Given that, E°_cell = 1.05 V

(b) Define electrochemical cell. What happens if external potential applied becomes greater than ${\mathrm{E}}_{\mathrm{cell}}^{\circ }$ of electrochemical cell?

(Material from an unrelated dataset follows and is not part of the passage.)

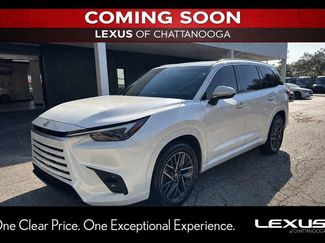 Used 2024 Lexus TX 350 FWD w/ Technology Package video 1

(c) Calculate the potential of hydrogen electrode, which is in contact with a solution whose pH is 10.

OR

The resistance of a conductivity cell, when filled with 0.05 M solution of an electrolyte x, is 100 at 40°C. The same conductivity cell when filled with 0.01 M solution of electrolyte y, has a resistance of 50. The conductivity of 0.05 M solution of electrolyte x is 1.0 x 10^-4 S cm ^-1.

Calculate

(a) Cell constant.

(b) Conductivity of 0.01 M y solution

(c) Molar conductivity of 0.01 M y solution

(a) 
$\begin{array}{l}{\mathrm{E}}^{\circ }={\mathrm{E}}_{\text{cell }}^{\circ }-\frac{0.0591}{\mathrm{n}}\log \frac{\left[{\mathrm{Ni}}^{2+}\right]}{{\left[{\mathrm{Ag}}^{+}\right]}^2}\\ =1.05\mathrm{V}-\frac{0.0591}{2}\log \frac{(0.160)}{(0.002{)}^2}\\ =1.05-\frac{0.0591}{2}\log \left(4\times {10}^4\right)\\ =1.05-\frac{0.0591}{2}(4.6021)\\ =1.05-0.14=0.91\mathrm{V}\\ {\mathrm{E}}_{\text{cell }}=0.91\mathrm{V}\end{array}$

(b) Electrochemical cell is a device through which chemical energy changes to electrical energy. Current will flows in opposite direction as the chemical reaction of the cell is reversed. Opposing emf will be more than the cell.
(c) For Hydrogen electrode, ${\mathrm{H}}^{+}+{\mathrm{e}}^{-}⟶\frac{1}{2}{\mathrm{H}}_2$
Applying Nernst equation, 
$\begin{array}{l}{\mathrm{E}}_{\left({\mathrm{H}}^{+}/1/2{\mathrm{H}}_2\right)}={\mathrm{E}}_{\left({\mathrm{H}}^{+}/1/2{\mathrm{H}}_2\right)}^{\circ }-\frac{0.0591}{\mathrm{n}}\log \frac{1}{\left[{\mathrm{H}}^{+}\right]}\\ =0-\frac{0.0591}{1}\log \frac{1}{\left({10}^{-10}\right)}\left[\mathrm{pH}=10;\left[{\mathrm{H}}^{+}\right]={10}^{-10}\mathrm{M}\right]\\ =0-\frac{0.0591}{1}\times (10\log 10)=-0.591\mathrm{V}\end{array}$
${\mathrm{E}}_{\left({\mathrm{H}}^{+}/1/2{\mathrm{H}}_2\right)}=-0.591\mathrm{V}$

OR

(a) 
$\text{ Cell constant, }{G}^{\ast }=\text{ resistance }\left(R\right)\times \text{ conductivity }\left(k\right)$
$=100\times 1.0\times {10}^{-4}={10}^{-2}{cm}^{-1}$
(b)  Conductivity of solution y,
$\mathrm{\kappa }=\frac{\text{ Cell constant }}{\text{ Resistance }}=\frac{{10}^{-2}}{50}=2\times {10}^{-4}\mathrm{S}{\mathrm{cm}}^{-1}$

(c)  Molar conductivity of solution y 
${\mathrm{\Lambda }}_{\mathrm{m}}=\frac{\kappa \times 1000}{\text{ Molarity }}=\frac{2\times {10}^{-4}\times 1000}{0.01}=20\mathrm{S}{\mathrm{cm}}^2{\mathrm{mol}}^{-1}$